FVL.  O processo foi escrito à mão para usarmos o formulário do TC, antes que inventassem outra coisa. Não foi nada perfeito, mas era legível. As setas tentavam rectificar dados que nos confirmaram à última hora, devido há muitos constrangimentos que tivemos.

Repare que o TC validou as candidaturas do BD, mesmo eliminando uma ou outra. Percebeu tudo. A forma não foi o essencial, embora a opinião pública esteja habituada a qualidade que o BD oferece.

Pretendeu-se com isto desqualificar o BD, numa batuta de detractores que tentaram confundir a opinião pública demonstrando que tal estaria na causa do “chumbo” do BD. Neste jogo não entramos. É matéria para incautos. Os problemas da candidatura estiveram do lado dos apoiantes.

Aí as coisas estão legíveis, mas não descartamos erros de transcrição, muito mais graves que a forma. Porém, trabalhamos sobre pressão e solicitamos ao TC que certificasse o escrito com a fotocópia do Cartão de Eleitor. Afinal por algum motivo foi-nos solicitado o esforço de apresentação desse documento.

Agora, com 800 peritos por que razão podemos constatar da parte do TC, apenas como exemplo, os seguintes erros: O senhor Abílio Figueira Zua foi registado por nós como sendo do grupo 60137, o TC escreveu 6013 e no mapa foi excluído como «inexistente». Escrevemos nos registos que o senhor Jorge Pinto Gorge, do Kwanza Sul, tem o número de registo 60298, o Tribunal (Constitucional) escreveu 602958 e deu como inexistente.

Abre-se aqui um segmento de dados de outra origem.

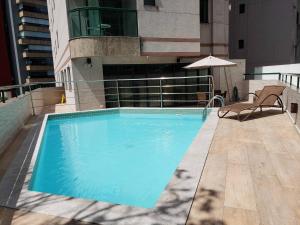 a swimming pool on the side of a building at Costa Victoria Residence in Vitória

A senhora Isabel Claudina Mongoko foi registada por nós com o número de grupo 60010, o TC registou 10010 e anulou a assinatura como inexistente, enfim.... a mando de quem foram estes e outros erros cometidos?

De resto, horas antes da entrega da nossa candidatura o mandatário escolhido comunicou-nos que tinha que abandonar a lista nessa condição porque o Ministério com quem coopera ameaçou-o de retirar todas as parcerias. Provavelmente souberam que ele seria o mandatário aquando da aquisição do Registo Criminal ou reconhecimento de assinatura, pois há antenas sinfo em tudo quanto é sítio, pois mantivemos o nome em segredo. Tivemos que alterar tudo às pressas. O processo de candidatura do mandatário é mais exigente.

O nosso responsável do Cuando-Cubango foi exonerado de todas (3) as suas funções, na Universidade Mandume, depois de lhe terem identificado como membro do BD, antes tinhamo-lo mantido em segredo. Tivemos que alterar as candidaturas para este círculo igualmente.

O BD ainda não recebeu o dinheiro para as despesas da subscrição. Isto será por acaso? E repare: em 1992 a FpD apresentou o processo mais bonito para a sua legalização, com elogios do então Presidente do Tribunal Supremo, incluindo notas explicativas da conformidade do seu estatuto com a lei, com gráficos sobre os grupos etários que compunham o partido. Isto não evitou que o Tribunal levasse dois meses para legalizar o partido, enquanto outros partidos que se apresentaram de qualquer forma foram logo admitidos. E mais tarde a FpD foi obrigada a extinguir-se.

De que lhe valeu a forma?

SA –Mas, afinal, de contas o que se passa, de facto?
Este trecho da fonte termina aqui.